After digging through old files from my PhD, I ran into a copy of a class presentation I worked on with Sarah Macleod and Mohammad Habibnezhad on cognitive enhancement technologies. Examples of cognitive enhancement technologies could be cognitive enhancing drugs such as Ritalin, or even whatever the heck Elon Musk is working on at Neuralink; what they have in common is that they make us better at thinking or learning. One of the potential future applications of my thesis work is the development of computer-based education that adapts to users attention. Such technologies may one day deliver education radically better than either our current MOOCs or even in-person lectures, and is therefore an example of a cognitive enhancement technology.
The presentation that we gave concerned whether cognitive enhancement technologies should be strictly regulated. We argued that cognitive enhancement technologies do not require additional regulation. Our argument was best summarized by the following chart:
Cognitive enhancement technologies can seem scary, but there already already existing frameworks to understand them. In Canada, the Food and Drugs Act governs all food, drugs, or medical devices, including any devices that modify or correct the body structure of humans. Both cognitive enhancing drugs and devices which modify the functioning of the human brain (as in Musk’s case) would therefore be governed by the Food and Drugs Act. This regulatory regime is fundamentally designed to ensure the safety of such technologies, or failing that offer sufficiently great rewards for the expected risks. If such high risk technologies are unable to offer great benefits to their users, they are likely to be banned.
I find the lower half of the matrix more interesting. When technologies are low risk to humans, we can envision them as either goods or rights. For example, there is pretty good evidence that coffee is a cognitive enhancer. There is some evidence that caffeine provides benefits to learning and memory, and even better evidence that it improves reaction time. However, the benefits of caffeine are slight. In market economies, we normally think of these sorts of things as ‘goods,’ insofar as they satisfy a consumer’s want. The main benefit of coffee is that it satisfies my desire for coffee; potential cognitive enhancement is secondary.
Sometimes however, goods can be low risk and offer high advantages, so much so that not having them will disadvantage a person’s capabilities to be a functioning member of society. For example, access to primary and secondary education is categorically different from access to coffee. People who do not have access to primary and secondary education are severely limited in their ability to take part in society. Children who have access to education can learn skills required to participate in the economy or polity, or potentially choose to pursue tertiary education of their choosing.
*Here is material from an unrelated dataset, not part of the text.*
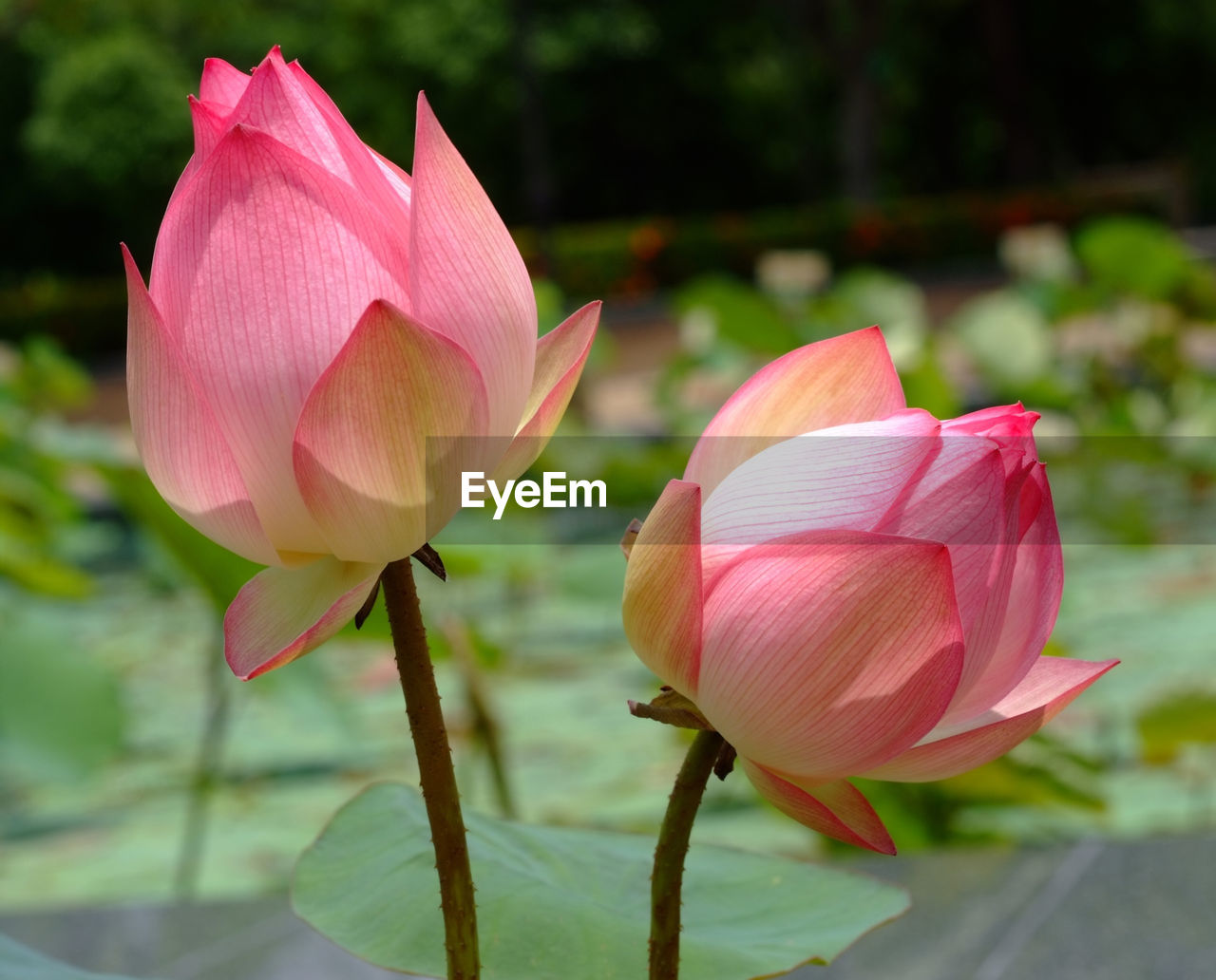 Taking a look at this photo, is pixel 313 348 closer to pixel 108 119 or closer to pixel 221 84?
pixel 221 84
Those who do not have access are severely limited in their capabilities and agency and will never be able to choose how to contribute to society. This idea is better summarized by Amartya Sen and Martha Naussbaum, and is often called the capability approach to rights.
I believe that low risk, high benefit cognitive enhancement technologies may fall into this category of ‘rights’ if they truly offer large political or economic advantages to their consumers. If we imagine a radically better way to teach students using learning technology, students who used such hypothetical technology would have significantly greater capabilities in society. They could potentially learn in a fraction of a time, becoming much more productive and potentially much more competitive. People who do not have access to this hypothetical technology would likewise be severely limited in their capabilities. We would therefore consider universal access to such cognitive enhancing technologies, at least if they become adopted at a large scale. These days, there are even business models that incentivize both innovation and free access to such high benefit technologies. Such business models might serve as a starting point for such technologies as they eventually make their way to open access.
Long story short, this is why I believe that cognitive enhancing technologies do not need additional regulation. If they are high risk technologies, we have existing regulation that covers them. If they are low risk, they are either goods or rights depending on their benefits; we have exiting methods of distributing these. Black Mirror will have to wait on this one.